Fields of Exile by Nora Golds

October 31, 2014

Reviewed by Joey Kary

 

A young girl returns from her spiritual homeland to be with her dying father in the land of her birth, only to find herself in a place where the country she loves has been demonized and hated. In Nora Gold‘s novel Fields of Exile, Judith Gallanter comes back to Toronto from Israel in 2002 after a decade away and takes up her Masters degree in Social Work, to find that perceptions of Israel have shifted while she was gone. A left-wing peace activist in Israel, on an Ontario university campus she feels like a chimera, a combination creature no-one can believe is real. She cannot reconcile her life in Israel and its complexities with the picture put forward by the anti-Zionist activists on campus, and she feels their hatred of her homeland as if it were a palpable thing.

 

Writers gift their character with all the great lines they wish they had used in real life. Those witty replies and devastating rejoinders you always think of the next morning or two days later? - writers put them into the conversations when they replay them in their novels, so that the characters seem cleverer and more articulate than their authors.  Judith isn‘t like that. Strong-willed and outspoken amongst her friends and intimates she is shy amongst others, assertive in bed and tongue-tied in debates. She is terrible at picking her battles; she hesitates when she should speak up and she speaks out at the worst moments. She is a reluctant partisan. Yet these are the qualities and contradictions that make her character real.

 

Judith‘s voice is by turns didactic and lyrical, her view of the world intertwined with imagery from all the books she has read. Anyone who has hung around a university campus past their first degree will recognise the way she talks and feel right at home with her.

 

For a book that is billed as a novel of ideas, however, there is little meaningful debate amongst the characters. The intellectual struggle takes place in Judith‘s own mind, not between herself and others, and there is no strong sincere voice opposed to her beliefs. Her antagonists are either malicious and hateful, ignorant, or else cowardly and sycophantic, afraid of losing tenure and position if they raise their voice.

 

This is not a book about Israel and Palestine or the struggles and problems there. It is a book about Canadian university campuses, about the thorny issue of when and whether anti-Zionism crossess the line to become rascism and bigotry, about the importance that one woman‘s spiritual connection to Israel has in her life and her emotional and intellectual reaction to the hatred that she sees directed against it.

 

Ultimately there is a sense that Judith can never be fully at home in either  Israel or Canada. Canada holds nothing more for her and she wants to make her life in Israel, but she speaks Hebrew with an Anglo-Canadian accent and her most important romance there was with a married Israeli man, as if to suggest that she can love the country but it will never fully belong to her.

 

Some of the strangest and most unbelievable moments of the novel were taken from reality. A person to whom Judith describes her involvement in the Israeli peace movement responds by saying “you mean there are good Jews... I mean good Israelis?” According to an interview with Gold, this was a quote from life.

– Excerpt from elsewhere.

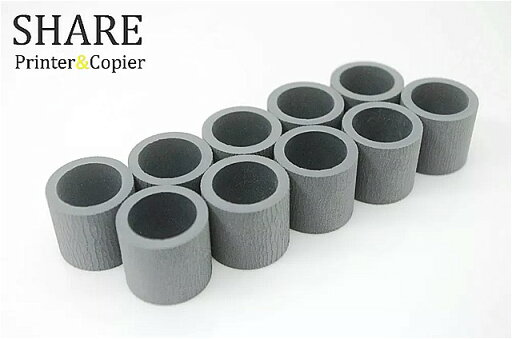 Rl1-1497-000cn rl1-1497 rl1-1497-000 互換 ピックアップローラー タイヤ 用 hp p1606 m1536 p1566 p1505 m201 m202 m225 m226 m1522 Rl1-1497-000cn rl1-1497 rl1-1497-000 互換 ピックアップローラー タイヤ 用 hp p1606 m1536 p1566 p1505 m201 m202 m225 m226 m1522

The Faculty of Social Work where Judith gets her degree, at a fictional university whose distance from Toronto makes it seem a lot like McMaster, holds a major event called Anti-Oppression Day, something that for those outside the field seems at first blush as meaningful and relevant as holding an Anti-Evil Day; yet anti-oppression is a significant concept in modern social work training.

 

Reading about the ideological struggles in the book leaves me with an extra level of sadness, because of the knowledge that once the people on campus graduate and move into the working world none of it will matter. From studying anti-oppression, many will go on to get jobs as instruments of social control, working with places like child protection agencies and welfare offices that police their clients rather than empower them. The fights over right and wrong in which they engage will have little meaning in their lives a few years later. But that is my cynical view of social work, one that should not interfere with the enjoyment of  a novel with a passionate intelligent woman at its heart, a reluctant and conflicted heroine who finds herself backed into standing up for what she loves.

 

Fields of Exile is published by Dundurn.